What initiatives or changes would you like to see to encourage more women to enter the field of AI?

We need to create role models for girls out there who can look at women being brilliant in their fields in different parts of the world.

One of the things I do for International Women's Day in March is a YouTube series called Womansplaining. I ask for two-minute videos from women explaining a topic that they are expert on.

I use this to kick off a bigger project that I work on with a colleague of mine, Roxy Stimpson, for World IoT Day on 9 April. This is our eighth year hosting IoTWoman with a 24-hour live stream with a lineup of 24 global women over 24 hours covering a variety of technology and leadership topics.

We showcase brilliant women and teach our base of innovators about the latest and greatest in AI, autonomous vehicles, data, the IoT, ethics, and other interesting topics.

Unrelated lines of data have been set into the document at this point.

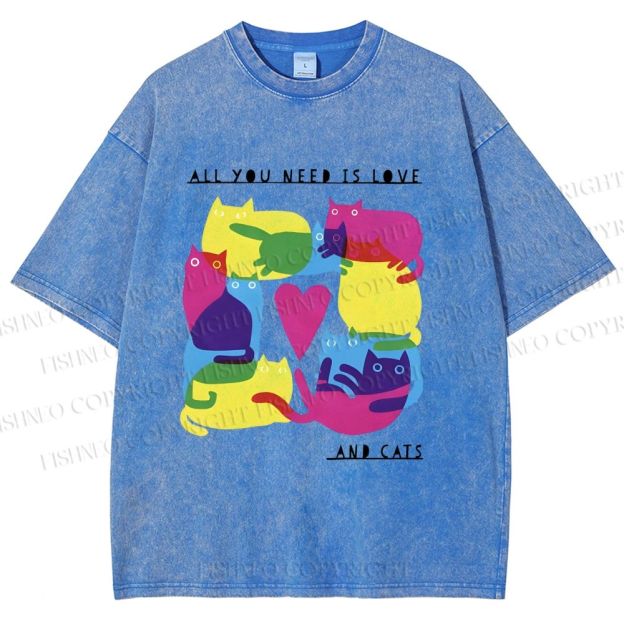 Unisex All You Need Is Love And Cats Printed Washed Tee
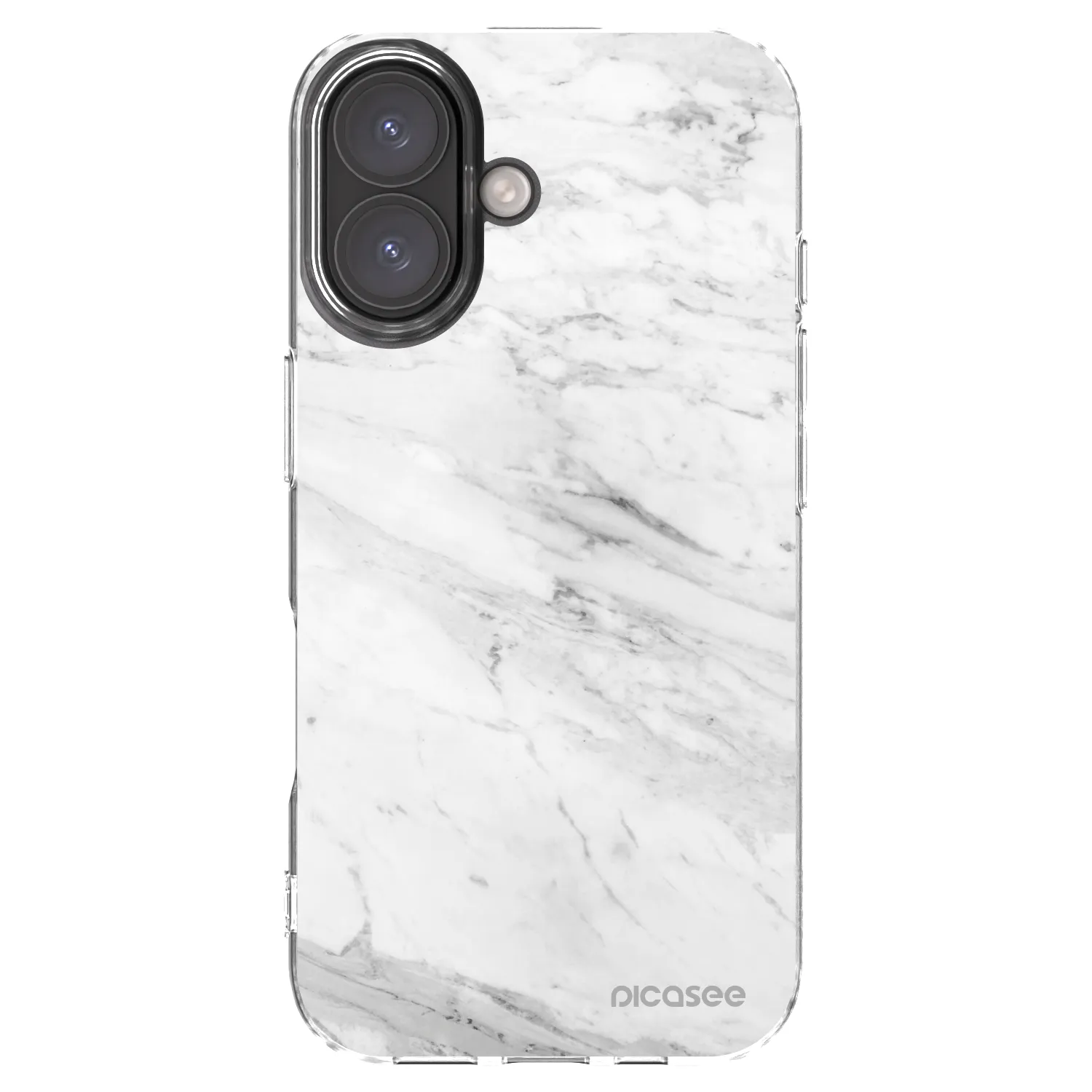 Picasee Apple iPhone 16 Hülle - Transparentes Silikon - White marble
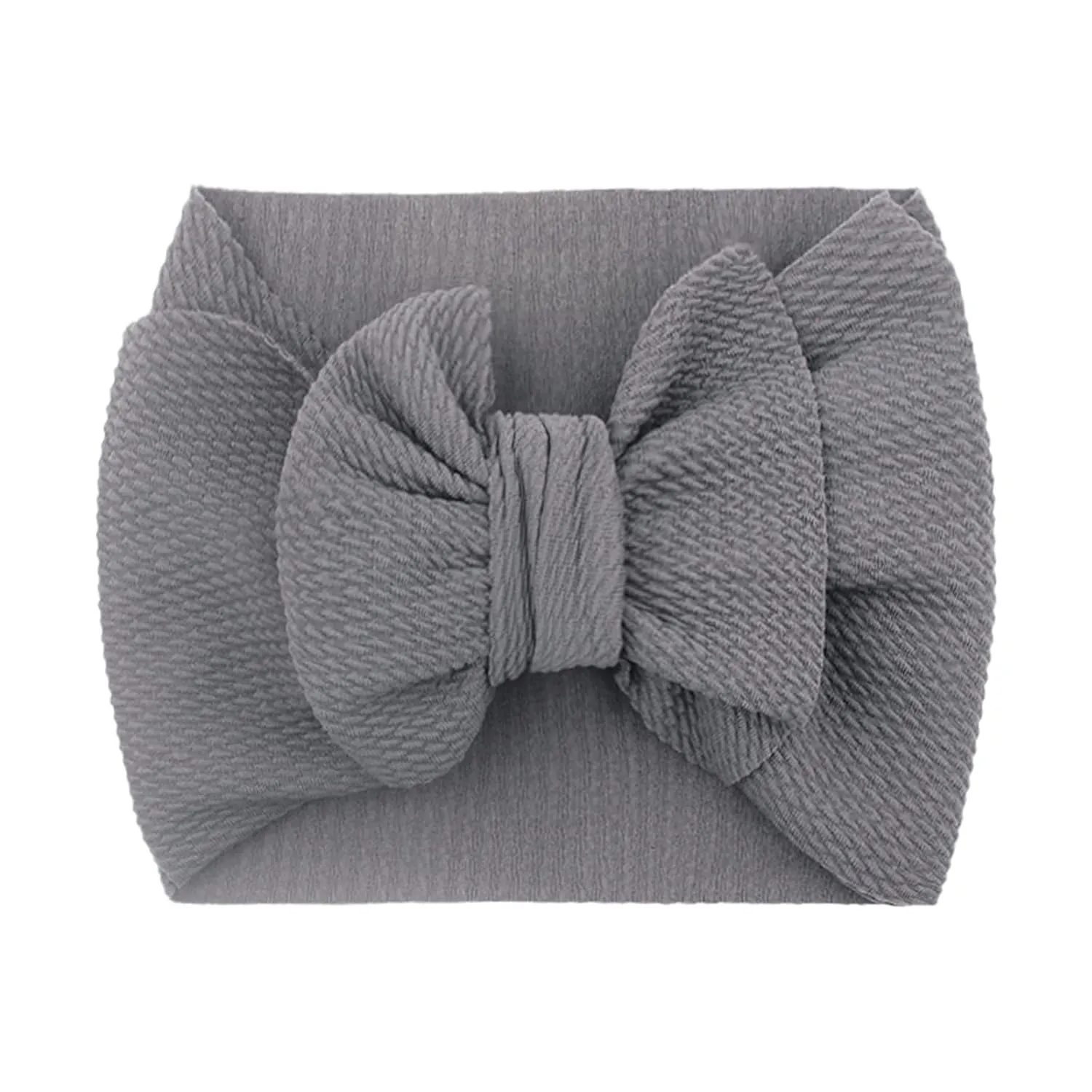 Bow Headband Elastic Knotted Headband Makeup Hair Headband Hair Bandanas Birthday Party Headband for Kids (Grey, One Size)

What advice would you give to young women considering a career in AI?

I feel very hopeful that we are living in great times. There is a lot of evil that a technology can be put to. But we have individual power.

Unlike any other technology, AI is not like some kind of technology somebody could build to hurt the world.

AI is built using data, and that data is you and me. My face is data for facial recognition, my voice is data for voice recognition. My shopping behavior, my interests... all that is data by which the AI is trained.

So, every time we interact with AI, be it on our phones, on a search engine, or on any kind of product that we use, we are the data.

Data is the only language that AI understands so we can communicate with AI and understand what it is doing.
So you can get involved in building AI. You can learn AI, whatever your job role is.

Whatever your vocation or your interests, you have a role to play. You can bring your perspective, so maybe that perspective is missing, and you can bring that into building AI.

That's how I feel hopeful that all of us can contribute to making AI work for us and move it towards the AI for good angle instead of the bias and burning the earth angle.

AI is one of those fundamental technologies that is changing the way we learn and teach, the music we listen to, the way we live our lives, and the way we socialize and communicate with each other.

Even our identities – who we are – are being shaped by AI, so we need to get involved and build AI to build the world the way we want it to be for all of us.